By the other stuff, of course, she meant Nellie's time in the demimonde. 'I don't want to write about that!' Nellie exclaimed. 'I wish to heaven none of that ever happened. I spent all these years getting to be halfway respectable, and now you want me to write about

… that? Forget it, Edna.'

'Too bad,' Edna said. 'It'd be exciting. People'd pay money to read about it.'

'It wasn't exciting. It was just nasty.' Nellie couldn't imagine how anybody who'd actually been in the demimonde could think it was exciting. She hadn't come close to warming up to a man more than a couple of times in all the years since she'd left. And how much would people want to read about that?

She expected Edna to go on harping about it. Her daughter refused to believe how foul it had been, how foul it had made Nellie feel after a man put gold on the dresser, got undressed, and then did what he wanted-and had her do what he wanted. But Edna didn't nag, or not exactly. Instead, she said, 'You remember that Bill Reach, the fellow who Hal said ran the whole spy show?'

The fellow who made me out to be a whore in front of a coffeehouse full of Confederates, Nellie thought grimly. 'I remember him,' she said, and not another word.
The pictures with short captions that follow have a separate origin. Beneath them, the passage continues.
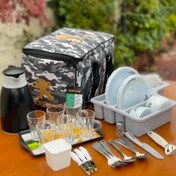 تصویر ست پیک نیک کامل شش نفره با فلاسک و سرویس غذاخوری 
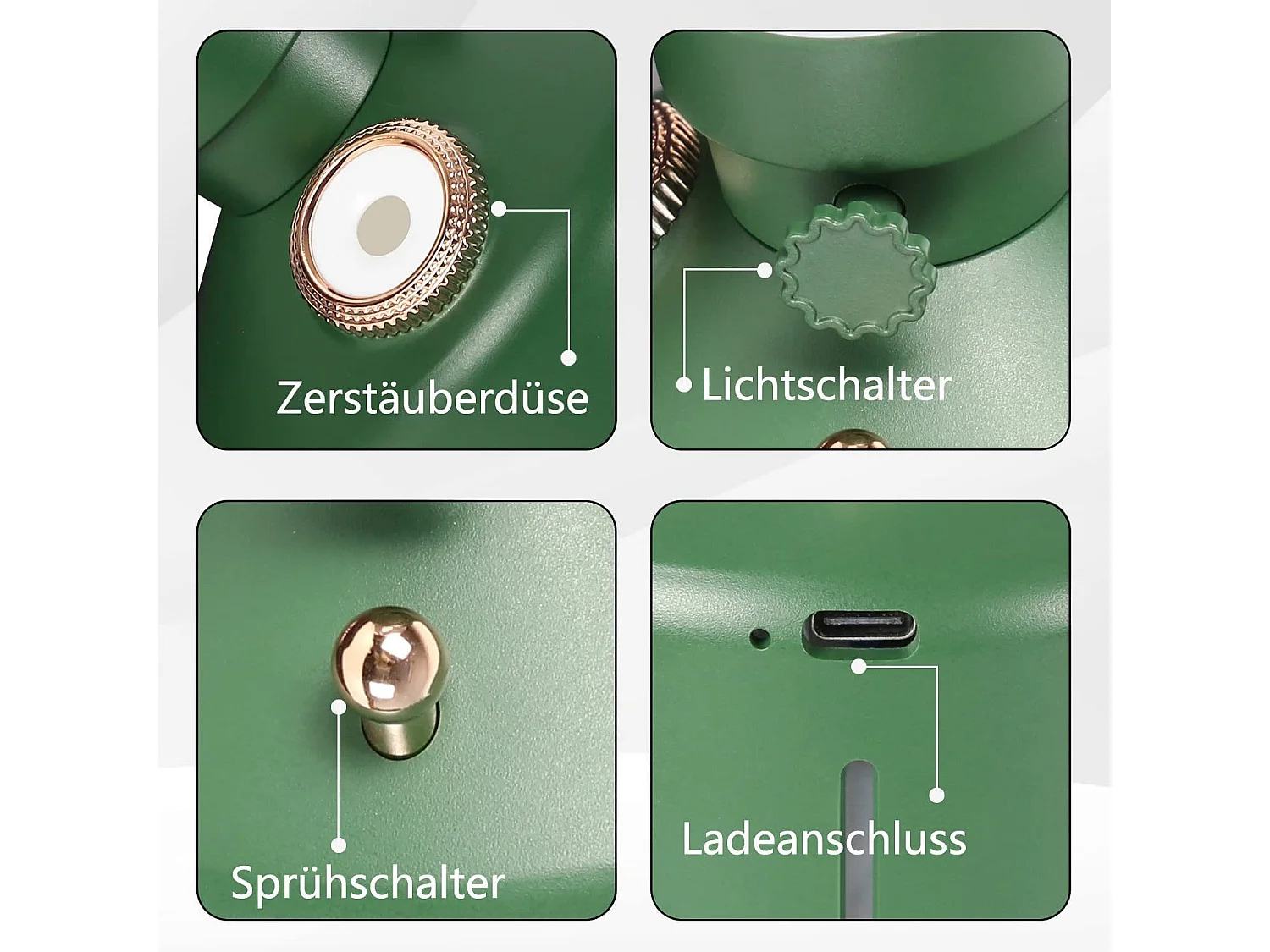 NETTLIFE LED tafellamp, Kerstcadeau, nachtlamp, batterij, draadloze tafellamp, groene vintage - humidificator, parfumlamp, cadeau.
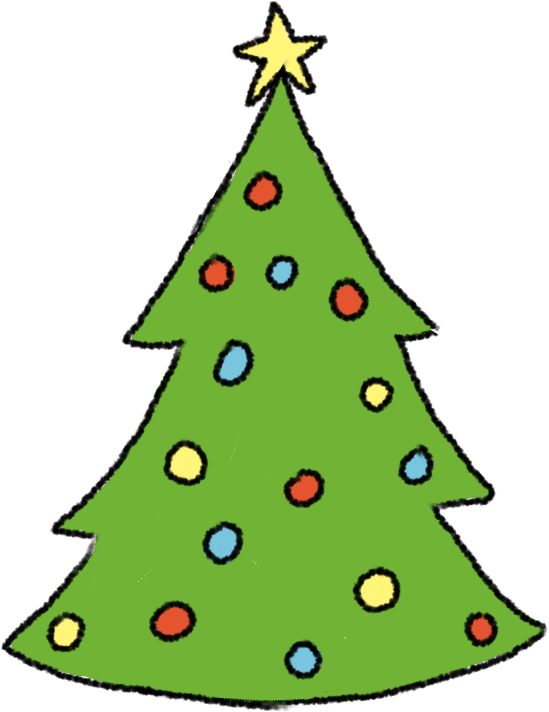 Christmas tree cartoon graphic by Little Bird Creative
'I wonder what ever happened to him,' Edna said. 'If you know that, you could stick it in the book, too.'

I know what happened to him. I killed the drunken son of a bitch when he tried to rape me. She almost told that to Edna, just to shut her daughter up. How much could it matter now that Hal, who'd idolized Bill Reach for no good reason Nellie could ever see, was dead? But she swallowed the words. She'd promised herself she would take that secret to her own grave, and she aimed to do it.

'If I had to guess,' she said after an all but imperceptible pause, 'he got killed when the United States bombarded Washington before they took it back. An awful lot of people did.'

'No story in that, though,' Edna said.

'I don't care,' Nellie said. 'That's what I'm telling you. There was no story.'

'Ma, you're a stick.'

'Well, maybe I am. I don't care. I worked too hard for too long to tell a bunch of fancy lies now that I'm on the edge of turning into an old lady. What would Hal say if I did?'

'Tell the truth, then,' Edna said.

'I have been telling the truth,' Nellie lied.

Her daughter threw her hands in the air. 'What am I supposed to do with you, Ma?' she said, half affectionate, half exasperated.